WHAT IS REQUIRED
Write out nothing but the lines from the one containing "Recueil des modes" through the last line below, both included, and without the pictures.
>>>>
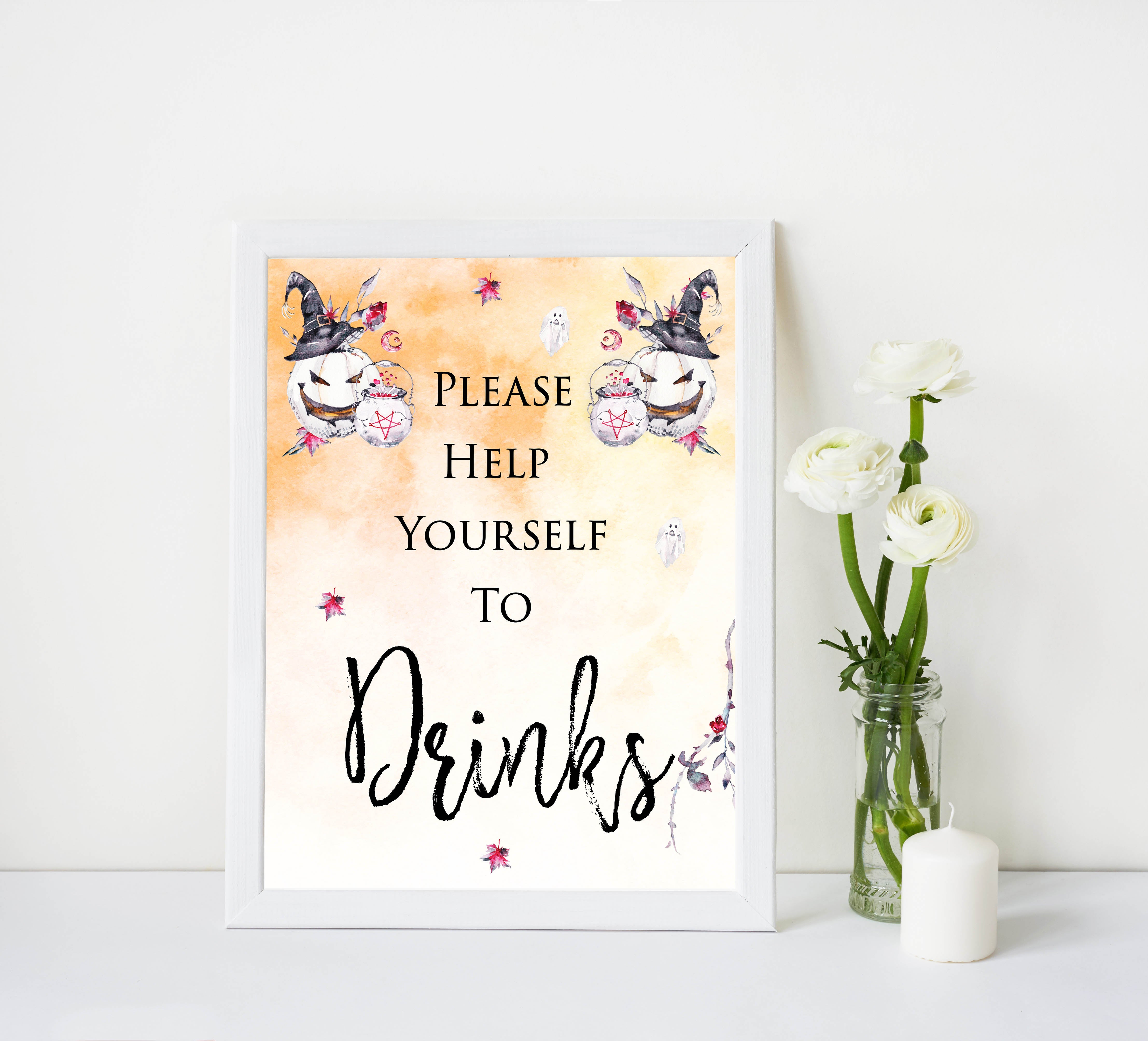 drinks baby shower table signs, halloween baby shower table signs, printable baby shower table signs, baby shower signs, table signs, halloween baby shower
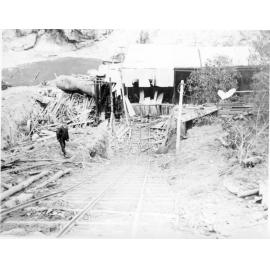 Wreckage at the foot of Baker's Creek Gorge after the Boiler disaster of 1913. 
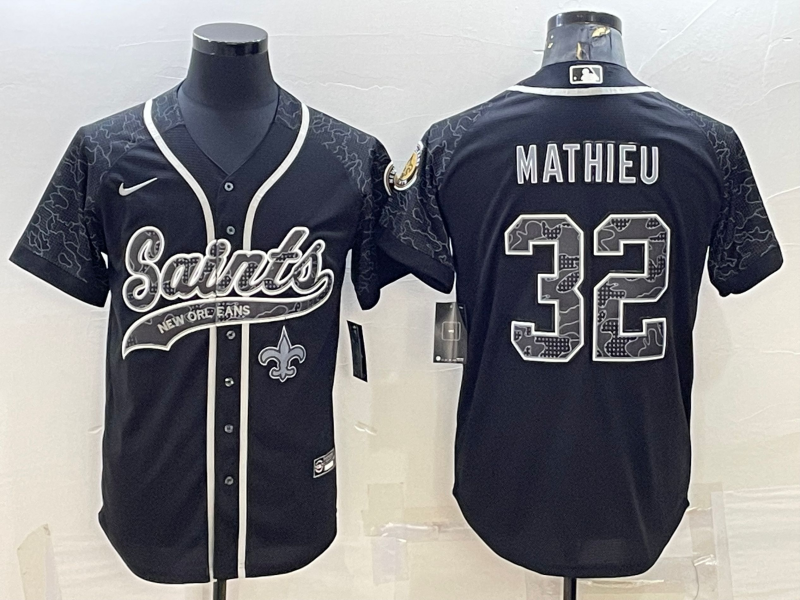 Men’s New Orleans Saints #32 Tyrann Mathieu Black Reflective Limited Stitched Football Jersey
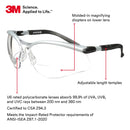 3M Safety Glasses with Readers, BX, +2.5, ANSI Z87, Anti-Fog Anti-Scratch Clear Lens, Silver Frame, Adjustable Length Temples and Lens Angle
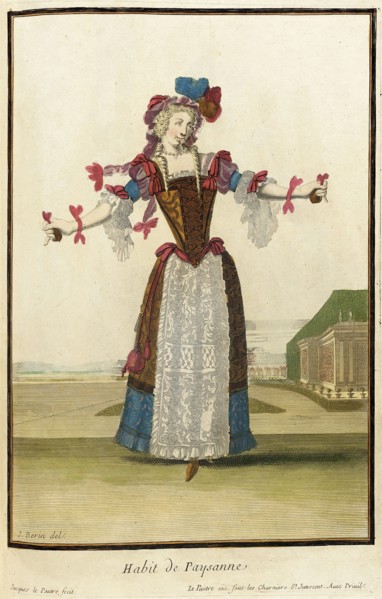 Recueil des modes de la cour de France, 'Habit de Paysanne', Bound 1703-1704. Creators: Jean Lepautre, Jean Berain, Jacques Le Pautre.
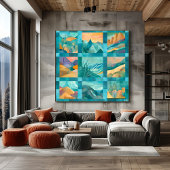 Turkoois Ingekaderde Abstracte Woestijn Kunst Rast Perfect Poster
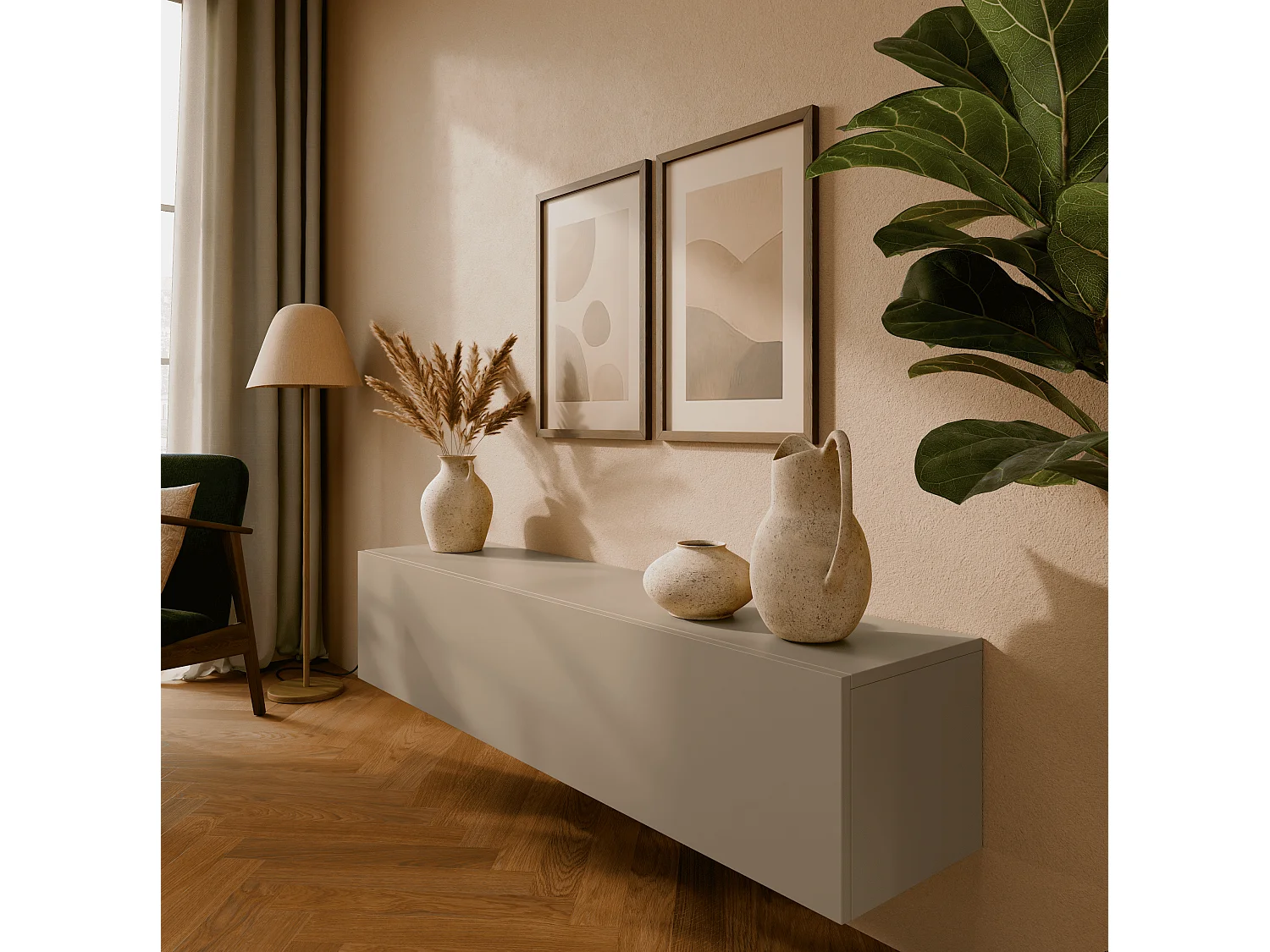 Meuble TV 105 cm 140 cm Banc Télé  Suspendu Banc Télévision Moderne Flottante pour Salon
<<<<
EXERCISE RESPONSE
 Recueil des modes de la cour de France, 'Habit de Paysanne', Bound 1703-1704. Creators: Jean Lepautre, Jean Berain, Jacques Le Pautre.
 Turkoois Ingekaderde Abstracte Woestijn Kunst Rast Perfect Poster
 Meuble TV 105 cm 140 cm Banc Télé  Suspendu Banc Télévision Moderne Flottante pour Salon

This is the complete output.